Status
Current state: Implemented
Discussion thread: https://lists.apache.org/thread.html/a56c6b52e5f828d4a737602b031e36b5dd6eaa97557306696a8063a9@%3Cdev.flink.apache.org%3E
JIRA:
Released: <Flink Version>
Please keep the discussion on the mailing list rather than commenting on the wiki (wiki discussions get unwieldy fast).
Motivation
`ConfigOption` and `Configuration` are crucial parts of the Flink project because every component in the stack needs possibilities of parameterization.
Ideally, every parameterization should also be persistable in a config file and changeable programmatically or specified in a CLI session via string properties.
If one takes a look at the currently defined config options, there are many inconsistencies and shortcomings such as:
- A user does not know the expected data type of an option or allowed values.
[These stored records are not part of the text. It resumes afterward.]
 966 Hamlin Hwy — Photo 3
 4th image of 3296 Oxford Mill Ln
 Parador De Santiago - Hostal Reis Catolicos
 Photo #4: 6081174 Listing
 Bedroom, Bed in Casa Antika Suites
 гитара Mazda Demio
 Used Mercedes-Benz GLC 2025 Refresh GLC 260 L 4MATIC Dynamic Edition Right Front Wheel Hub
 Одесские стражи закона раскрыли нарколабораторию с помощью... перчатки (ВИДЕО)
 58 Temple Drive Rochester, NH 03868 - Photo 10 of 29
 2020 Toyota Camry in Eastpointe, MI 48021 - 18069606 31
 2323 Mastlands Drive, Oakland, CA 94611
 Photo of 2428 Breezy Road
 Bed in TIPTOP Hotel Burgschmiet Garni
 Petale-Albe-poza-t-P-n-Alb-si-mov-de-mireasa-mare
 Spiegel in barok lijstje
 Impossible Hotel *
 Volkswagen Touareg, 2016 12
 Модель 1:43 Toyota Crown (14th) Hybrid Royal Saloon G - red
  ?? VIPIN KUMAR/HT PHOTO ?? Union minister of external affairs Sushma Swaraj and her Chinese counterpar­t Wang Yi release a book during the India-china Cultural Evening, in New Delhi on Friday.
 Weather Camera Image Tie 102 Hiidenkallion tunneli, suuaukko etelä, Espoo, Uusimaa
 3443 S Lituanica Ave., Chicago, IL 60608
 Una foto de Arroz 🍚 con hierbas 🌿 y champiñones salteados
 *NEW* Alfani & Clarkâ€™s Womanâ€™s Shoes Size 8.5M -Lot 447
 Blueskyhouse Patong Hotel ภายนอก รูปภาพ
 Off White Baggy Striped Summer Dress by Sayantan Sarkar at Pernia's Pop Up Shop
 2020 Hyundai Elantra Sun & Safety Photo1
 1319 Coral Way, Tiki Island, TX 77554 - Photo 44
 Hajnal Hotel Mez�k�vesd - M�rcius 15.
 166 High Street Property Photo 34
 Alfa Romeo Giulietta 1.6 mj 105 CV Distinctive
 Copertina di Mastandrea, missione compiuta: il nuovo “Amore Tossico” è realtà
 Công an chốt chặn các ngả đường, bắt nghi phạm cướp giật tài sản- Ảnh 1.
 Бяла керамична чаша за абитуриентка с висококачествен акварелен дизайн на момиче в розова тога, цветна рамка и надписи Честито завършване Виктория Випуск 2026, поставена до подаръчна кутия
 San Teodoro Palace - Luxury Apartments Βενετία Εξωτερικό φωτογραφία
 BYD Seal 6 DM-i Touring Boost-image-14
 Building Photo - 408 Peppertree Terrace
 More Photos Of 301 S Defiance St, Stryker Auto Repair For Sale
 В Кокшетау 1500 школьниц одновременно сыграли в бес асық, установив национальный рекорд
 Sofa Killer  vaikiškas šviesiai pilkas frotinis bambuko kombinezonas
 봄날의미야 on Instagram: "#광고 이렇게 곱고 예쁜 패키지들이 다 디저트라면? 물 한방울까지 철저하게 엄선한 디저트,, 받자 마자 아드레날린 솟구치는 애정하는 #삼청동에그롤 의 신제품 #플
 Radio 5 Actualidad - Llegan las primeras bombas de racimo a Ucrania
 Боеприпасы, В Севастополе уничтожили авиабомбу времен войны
If the description is not good enough, an option is difficult to configure.
- Many components have implemented custom parsing logic to perform common tasks such as list splitting or duration parsing.
- List separators are not used consistently: sometimes comma sometimes semicolon.
- Parsing of durations uses Scala classes.
- There is no concept of optional properties which means implementers come up with "fallback" values such as "parallelism of -1" means fallback to parallelism defined in flink-conf.yaml.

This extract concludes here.